Monday, November 05, 2018

 

The Word Arboricide

James C. Humes, The Wit & Wisdom of Winston Churchill (New York: Harper Perennial, 1995), p. 140 (in the chapter titled "Coiner of Phrases"):
When his wife had chopped down a favorite elm tree at Chartwell, Churchill said to her, "Clemmie, you are guilty of arboricide!"
The implication is that Churchill coined the word. He did not.

Also incorrect is the claim in the New Republic magazine (May 19, 1997, p. 12) that August Heckscher (1913-1997) "coined the word 'arboricide' for the crime of killing trees."

The first citation (dated 1899) in the Oxford English Dictionary for the word is H.G. Graham, Social Life of Scotl. 18th Cent. I. v. 199: "This crime of arboricide was distressingly frequent."

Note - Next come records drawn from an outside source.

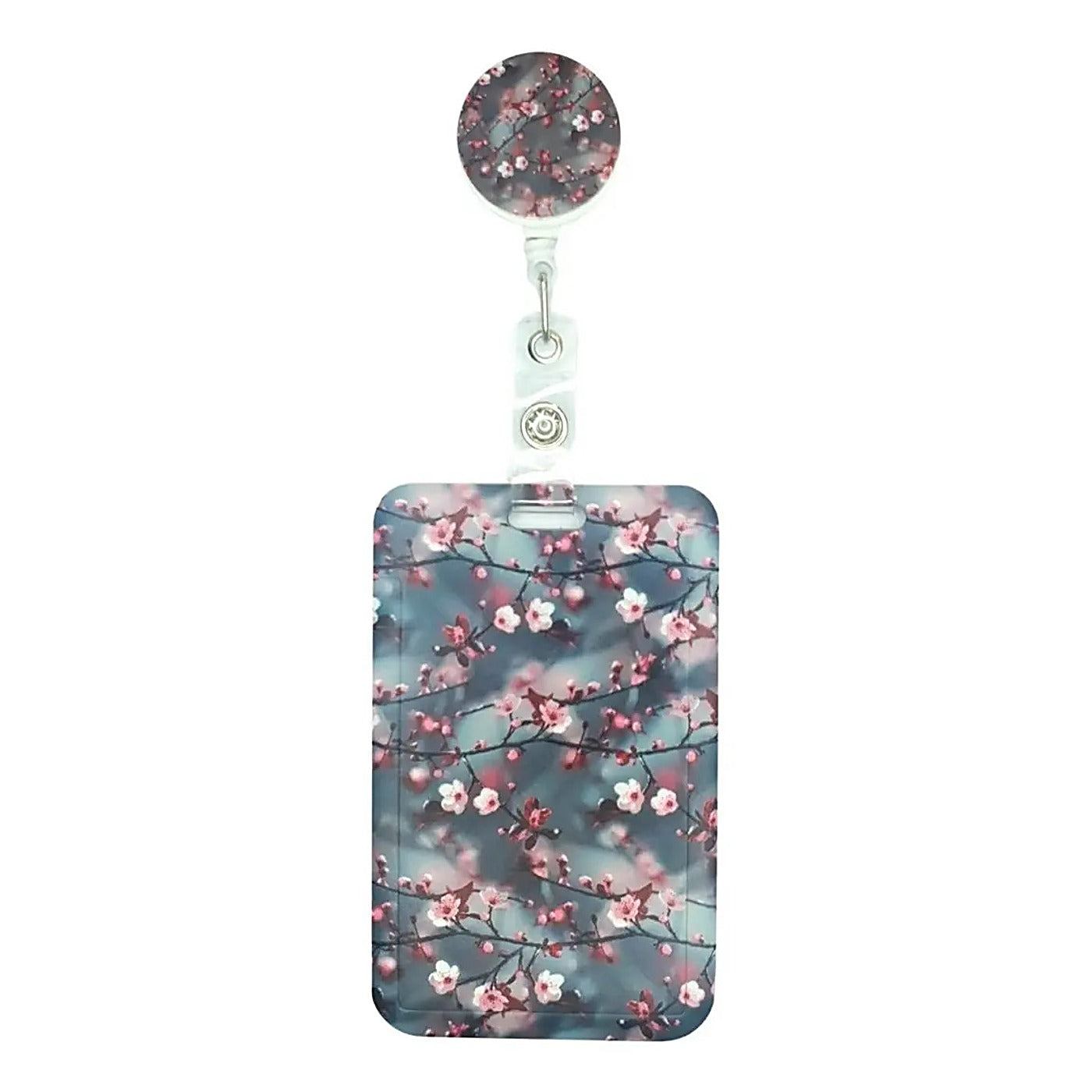 Porta Credencial con Yoyo Retractil Flores Rosadas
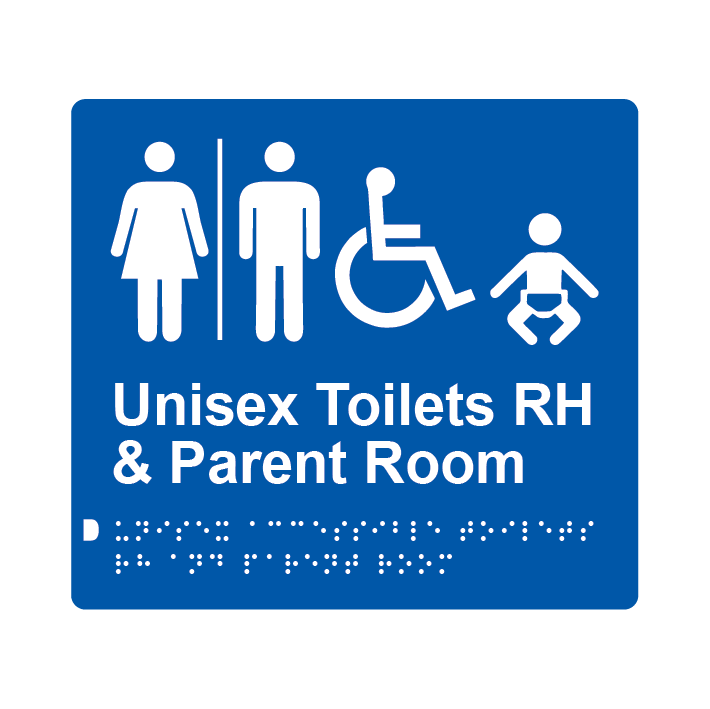 L1031 Unisex Accessible Toilets RH & Parent Room (Airlock) Braille Sign 200x180mm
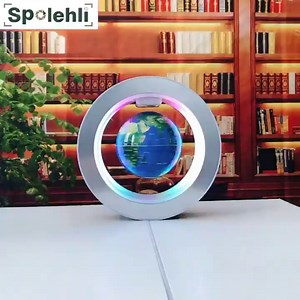 4 Inch Blue World Map Globe with LED Lights, Floating Globe, Good Gift for Students, Men, Fathers, Teachers, Birthday Present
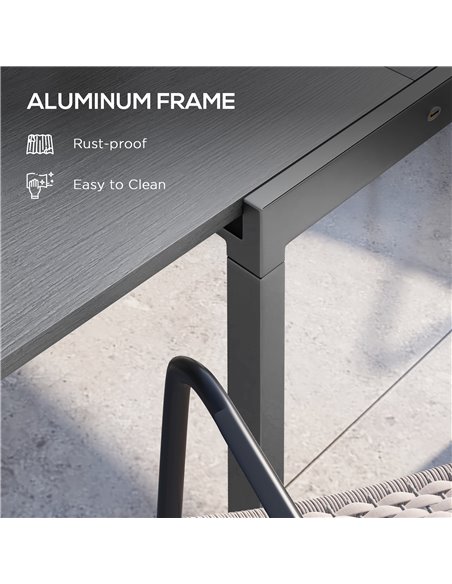 Outsunny Extendable Garden Table for 6 with Aluminium Frame, Steel Tabletop, Dark Grey 84G-376V00CG - pic 64681 | FastDaddyshop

But the word can be found more than half a century earlier. See Asa Gray, "The Longevity of Trees," North American Review, Vol. 59, No. 124 (July 1844) 189-238, rpt. in Scientific Papers of Asa Gray, Vol. II: Essays; Biographical Sketches: 1841-1886 (Boston: Houghton, Mifflin and Company, 1889), pp. 71-124 (at 84):
[T]he age may be directly ascertained by counting the annual rings on a cross section of the trunk. The record is sometimes illegible or nearly so, but it is perfectly authentic; and when fairly deciphered, we may rely on its correctness. But the venerable trunks, whose ages we are most interested in determining, are rarely sound to the centre; and if they were, even the paramount interests of science would seldom excuse the arboricide.


Humes, id., also falsely states that Churchill coined the word "benignant." I haven't bothered to check any of the other supposed coinages, but obviously Humes' claims must be taken magno cum grano salis.